Mais s'agit-il d'un nouveau départ ou d'une fuite ? Deux écoles s'opposent. La première assimile ce genre d'expatriation à une fuite en avant. Or, les problèmes ne s'effaceront pas avec le changement de pays. Cette théorie est celle qu'on entend le plus. Il ne faut pas fuir les problèmes, mais les affronter. Le mot « fuite » a toujours une connotation négative (on l'assimile à la faiblesse), sauf lorsqu'il s'agit de fuir le danger.

La seconde école estime au contraire que fuir n'est pas une marque de faiblesse. Les personnes qui se lancent dans un projet d'expatriation savent que les problèmes n'ont pas besoin de visa pour passer la frontière. Le changement de pays et d'environnement permet plutôt de mettre une distance physique propice à l'introspection. On fuit le milieu dans lequel on étouffait pour s'entendre mieux et mieux comprendre ce qui nous entoure. On part pour se préserver et prendre du recul.

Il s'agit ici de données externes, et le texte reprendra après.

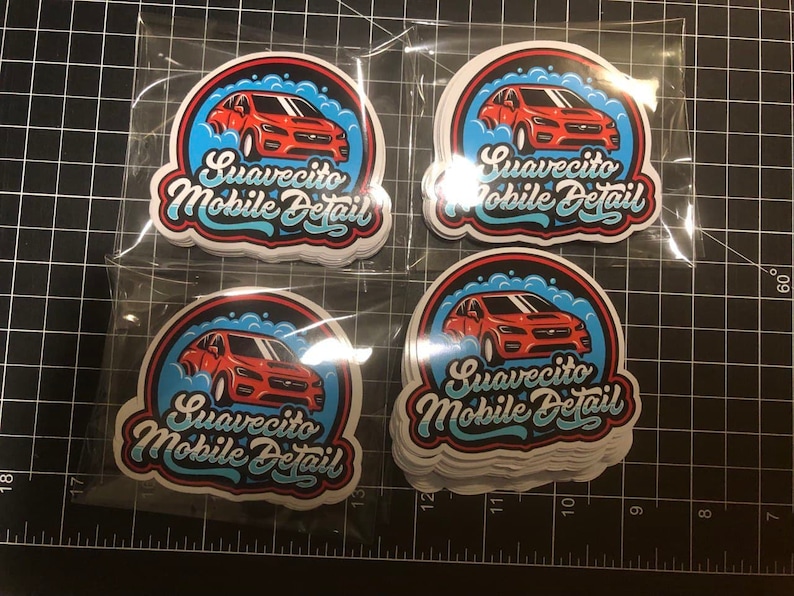 May include: A stack of white stickers with a red car and blue and white bubbles. The text on the stickers reads "Suavecito Mobile Detail".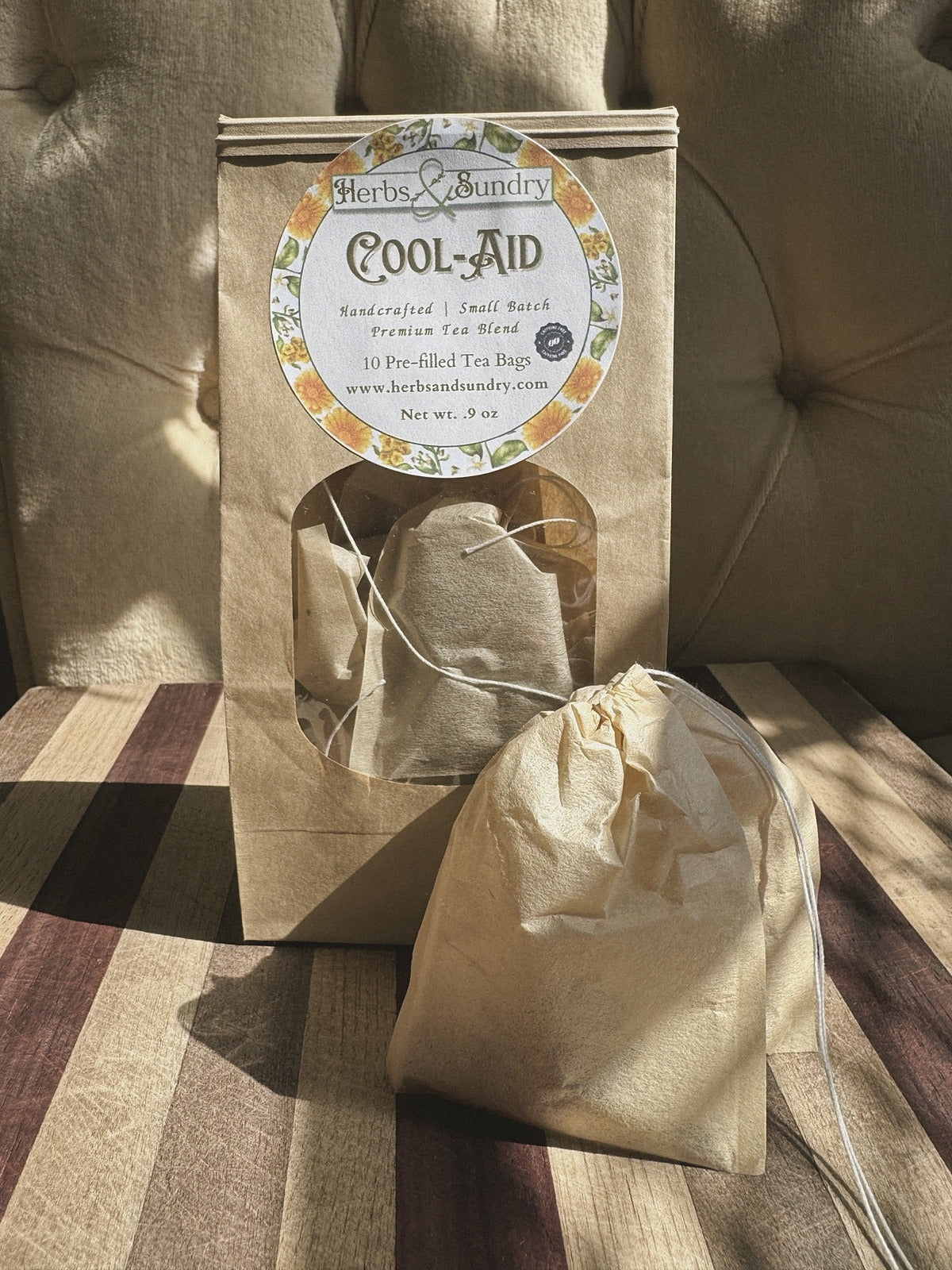 Kraft Cool-Aid pouch of ten pre-filled tea bags, with one unbleached drawstring tea bag set in front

L'expatriation pour faire la paix avec soi

On connaît le « voyage thérapie » : voyage qui sert à retrouver la confiance en soi et à se retrouver. Il s'agit de partir pour mieux se retrouver, de se rappeler de quoi on est capable, de prendre de l'assurance. L'expatriation suit cette même idée, avec néanmoins une grande différence : il ne s'agit pas d'un voyage de quelques jours ou de quelques semaines, mais bien d'une immigration d'une ou plusieurs années. 

Bien entendu, cette « expatriation thérapie » se construit. On ne sait pas à l'avance quels seront les effets du séjour à l'étranger. Mais on se donne une nouvelle chance pour faire la paix avec soi. Il existe encore de nombreuses idées reçues, en grande partie héritées de la culture, concernant la vie active. Une erreur de parcours est encore vue comme un échec insurmontable. Cette vision du « chemin tout tracé » n'autorise pas les sorties de routes. Pourtant, l'erreur de parcours ou la sortie de route sont aussi une occasion de prendre un nouveau départ. En partant, les voyageurs veulent justement faire la paix avec eux, pour rebondir.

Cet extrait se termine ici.